Omit every picture. Return all other data as it stands.

--- Excerpted records ---

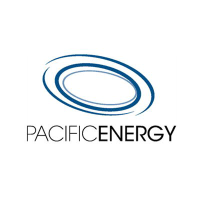 Logo da Pacific Energy (PEA).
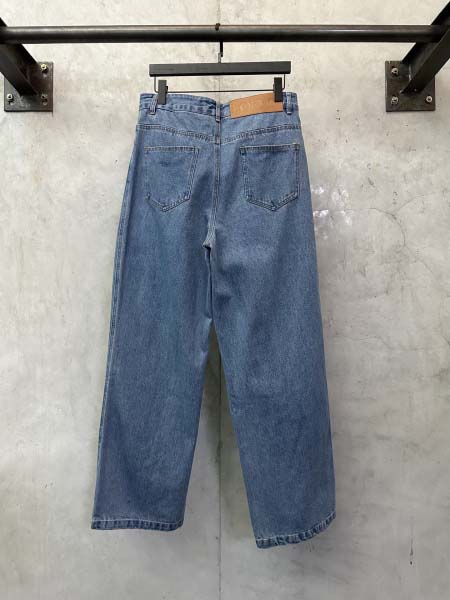 2025年12月29日秋冬新作LOEWEジーパン高品質人気商品/誕生日プレゼント/FF工場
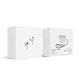 Наушники Earldom TWS24 Bluetooth внутриканальные с микрофоном, белый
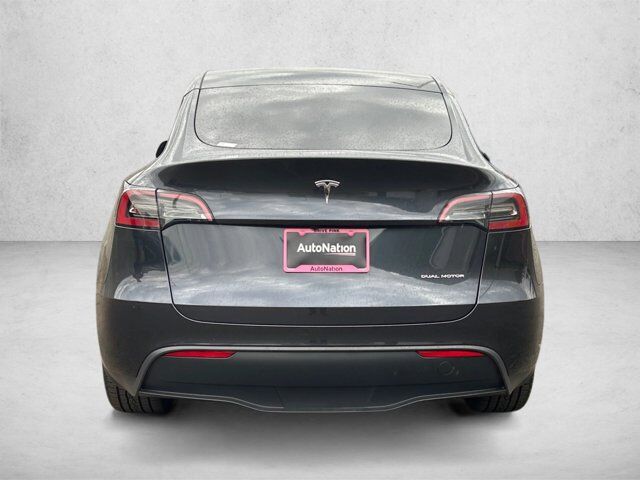 2024 Tesla Model Y Long Range Roseville CA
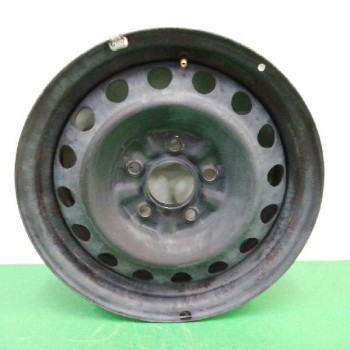 Recambio de llanta para mitsubishi space wagon (n80/n90) 2.4 gdi cat referencia OEM IAM MR316843 15JX6JJ 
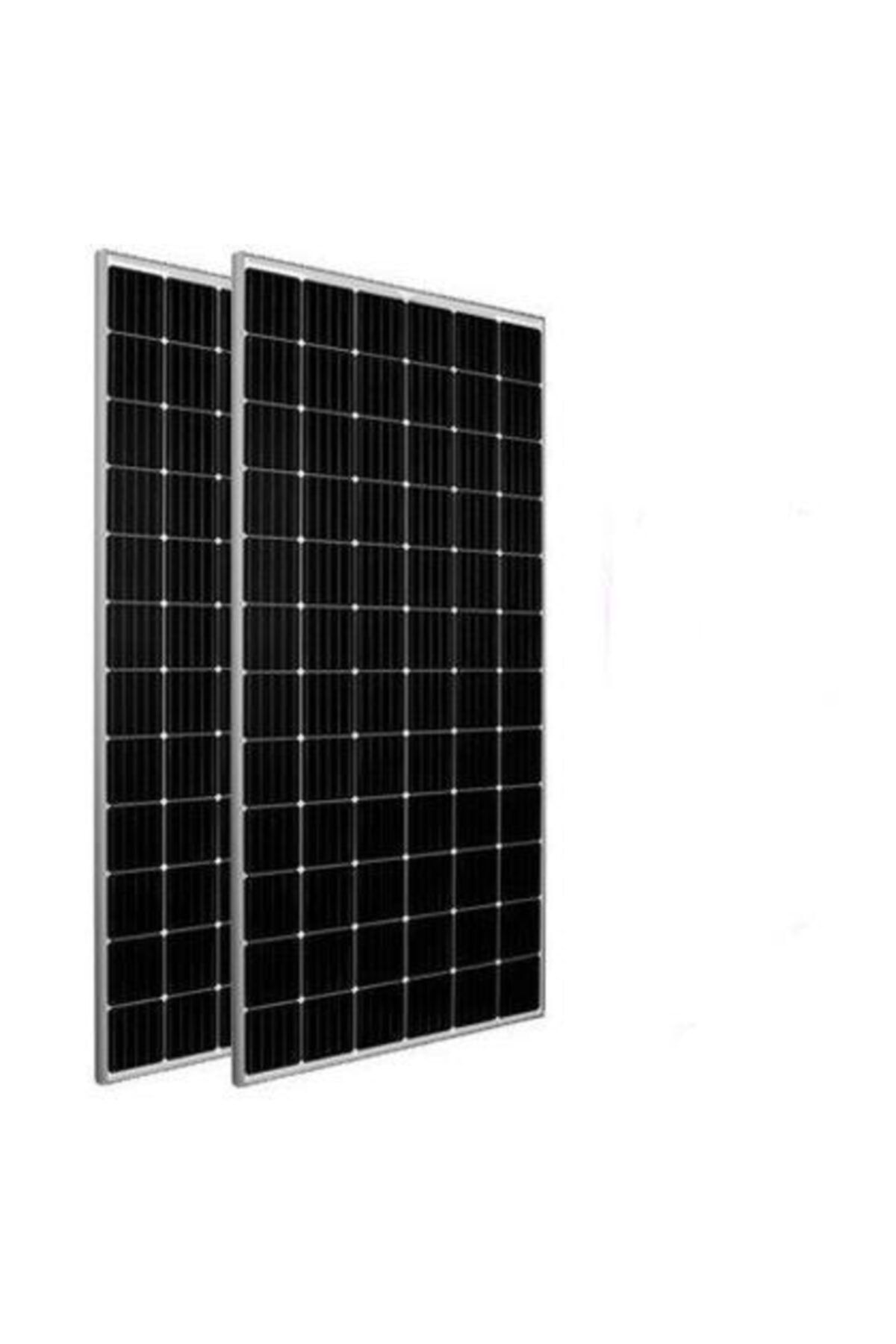 Lexron 400 Watt W Monokristal Güneş Paneli Solar Panel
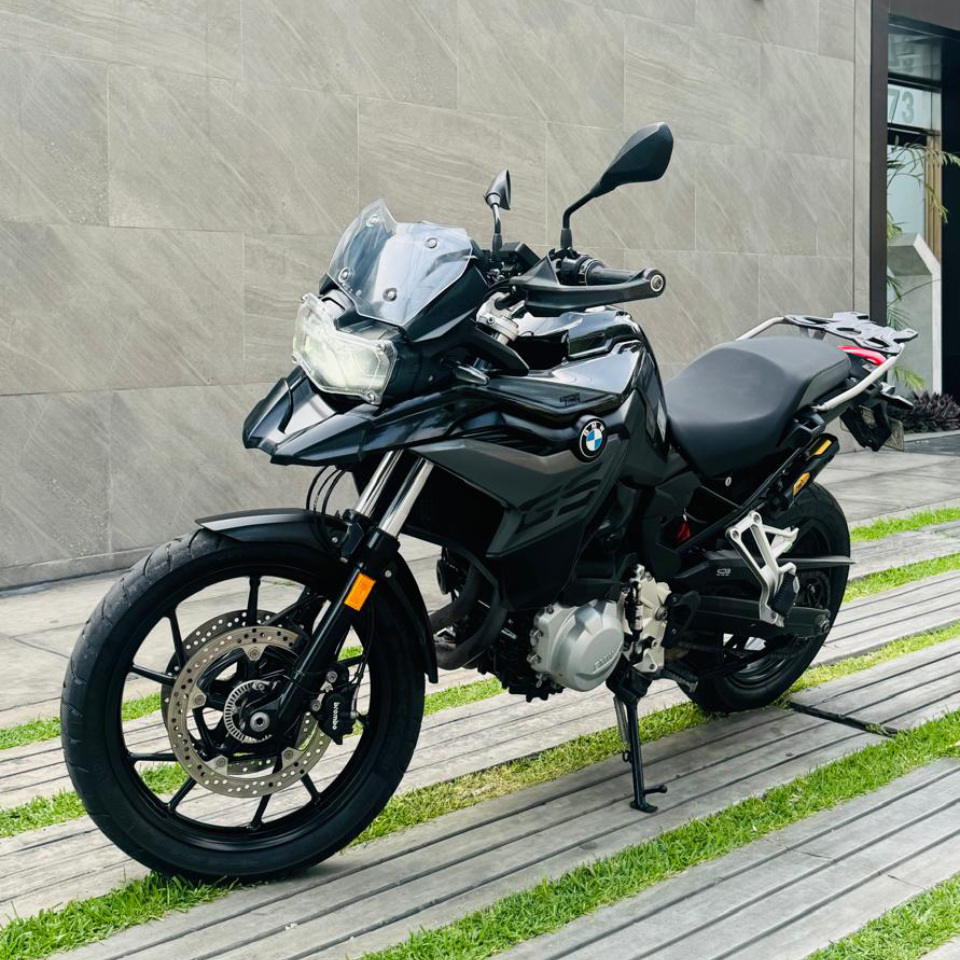 BMW F750 GS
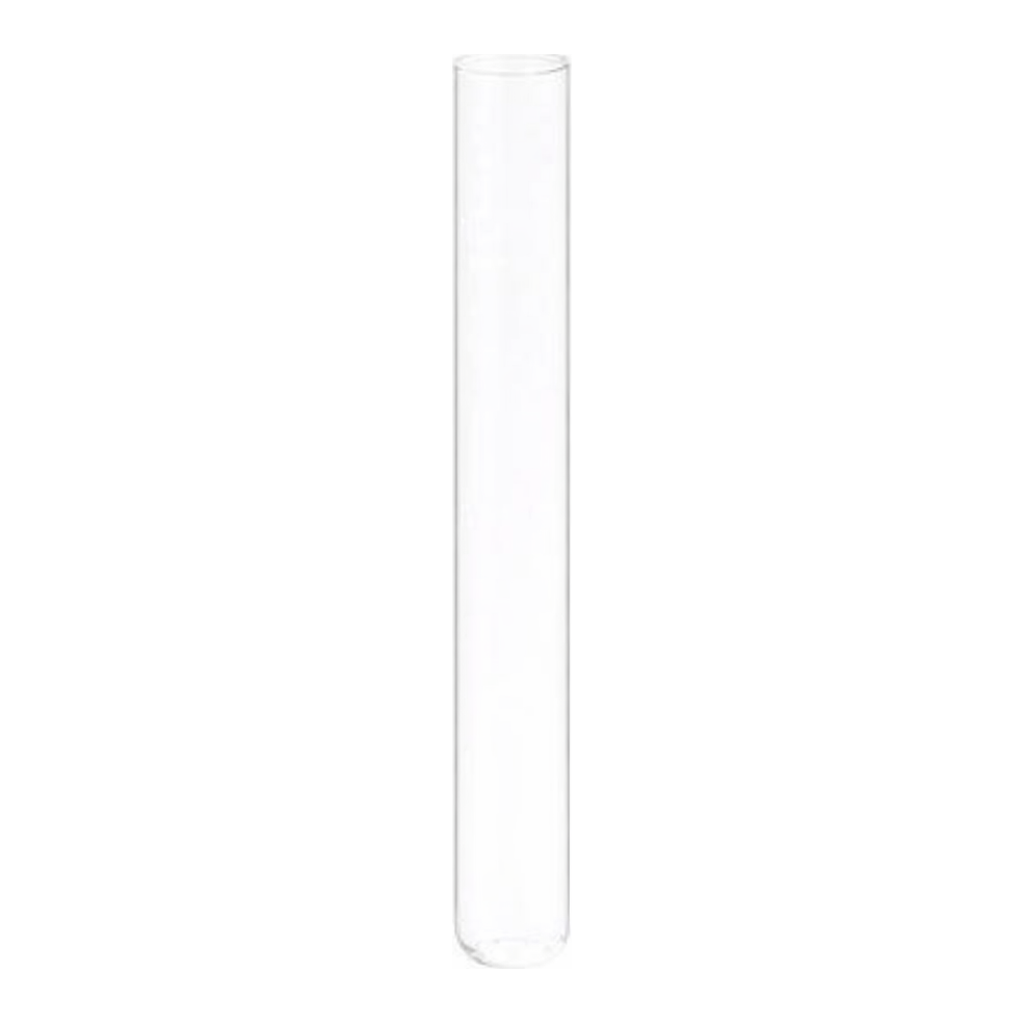 AS ONE Glass Test Tube, 유리 시험관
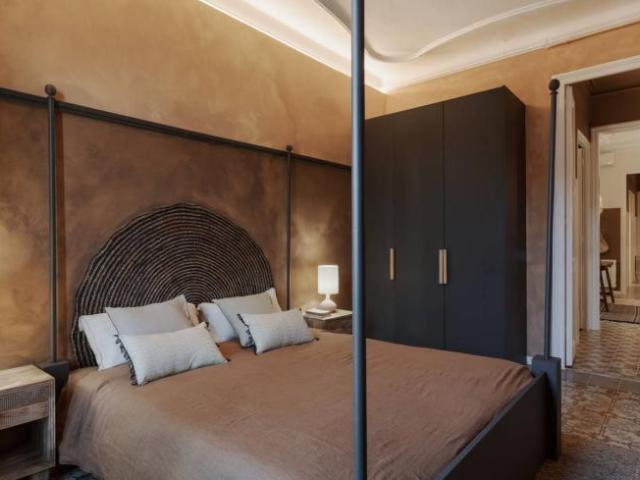 Apartamentos 3 Dormitorio Barcelona Barcelona ES102401576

---

* _Written solution_
 Logo da Pacific Energy (PEA).
 2025年12月29日秋冬新作LOEWEジーパン高品質人気商品/誕生日プレゼント/FF工場
 Наушники Earldom TWS24 Bluetooth внутриканальные с микрофоном, белый
 2024 Tesla Model Y Long Range Roseville CA
 Recambio de llanta para mitsubishi space wagon (n80/n90) 2.4 gdi cat referencia OEM IAM MR316843 15JX6JJ 
 Lexron 400 Watt W Monokristal Güneş Paneli Solar Panel
 BMW F750 GS
 AS ONE Glass Test Tube, 유리 시험관
 Apartamentos 3 Dormitorio Barcelona Barcelona ES102401576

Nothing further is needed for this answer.